Prom is over, sports seasons have concluded, Pacifica Projects have been presented – the springtime sprint to the end of the school year means Seaside High School is just days away from its annual graduation activities and ceremony.
This year, 98 students will graduate from the school on June 10, with 60 percent going on to some kind of post-secondary education immediately after graduation.
For two of those graduates – Theresa Paul and Adrian Velazquez — prestigious scholarships will make paying for and experiencing the full opportunity of college much easier.
Paul’s family moved to the community when she was a child – her junior year they moved to Cannon Beach.
“Coming into high school, I wasn’t really on track to graduate,” Paul said. With the help of her teachers she developed a passion for mathematics.
“I thought for a while I wanted to become a math teacher or a health teacher,” Paul said.
That passion and support led her through high school, and earlier this spring, with strong encouragement from her parents, Paul applied for and was awarded a scholarship by The Ford Family Foundation.
The Roseburg-based foundation annually awards 120 outstanding students throughout Oregon and Siskiyou County, Calif., need-based scholarships. According to the foundation, the scholarship was created “to assist students who otherwise would find it impossible, or at least very difficult, to obtain a college degree without financial assistance.”
“The Ford scholarship is a really great opportunity to make something of my life,” Paul said.
This fall, Paul plans to attend Lewis & Clark College in Portland.
She said she is not sure what major she plans to pursue, but right now she wants to do something that helps people, the environment or both. She credits her teachers at Seaside High School with helping her develop her passions.
“My plan the first year is to go undecided,” Paul said. “I hope to go in first year undecided and experience the environment and learn new things. Hopefully my sophomore year I’ll find a passion for something I want to do.”
Velazquez joined a prestigious group earlier this month after being named a Gates Millennium Scholar.
“For me it was really a huge relief because I’m the first person in my family ever to go to college, and my parents didn’t know how they were going to pay,” Velazquez said. “(Now) I’ve got four years to do whatever I want and not worry about any money. It was a huge relief to my family.”
The scholarship program, funded by the Bill and Melinda Gates Foundation, selects 1,000 students across the country for a “good-through graduation” scholarship. The scholarship also supports personal and professional development through leadership training.

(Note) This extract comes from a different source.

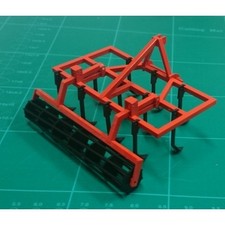 ARTISAN32, Déchaumeur à dent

As part of the application process, Velazquez had to write eight 600-word essays. He said it took him three months to finish the essays. One of those essays asked him to write about an event that changed his life.
When he was 11, Velazquez said, he was walking down the street and said hello to a passing stranger. The man angrily hurled a racial slur at the young boy. He went home and told his parents, who became very upset.
“It was the first time I’d ever had racist comments come my way,” Velazquez said. “Since then I’ve tried to keep racism out of my life. From then, I’ve tried to be a happy person.”
Velazquez also plans to attend Lewis & Clark College in the fall. He wants to study international relations and music.
After auditioning in Portland, he will also be playing in the college’s orchestra next year.
A series of events will lead up to and celebrate the graduation ceremonies.
Students will be recognized at a nonreligious or denominational Baccalaureate ceremony at 7 p.m. Sunday, June 9 at North Coast Family Fellowship. Graduation ceremonies will be held at 8 p.m., Monday, June 10 at the Seaside Convention Civic and Convention Center. Both events are open to the public.
Students will celebrate graduation at an all-night, chemical-free party hosted by the parents of the class of 2013 and the Seaside Rotary.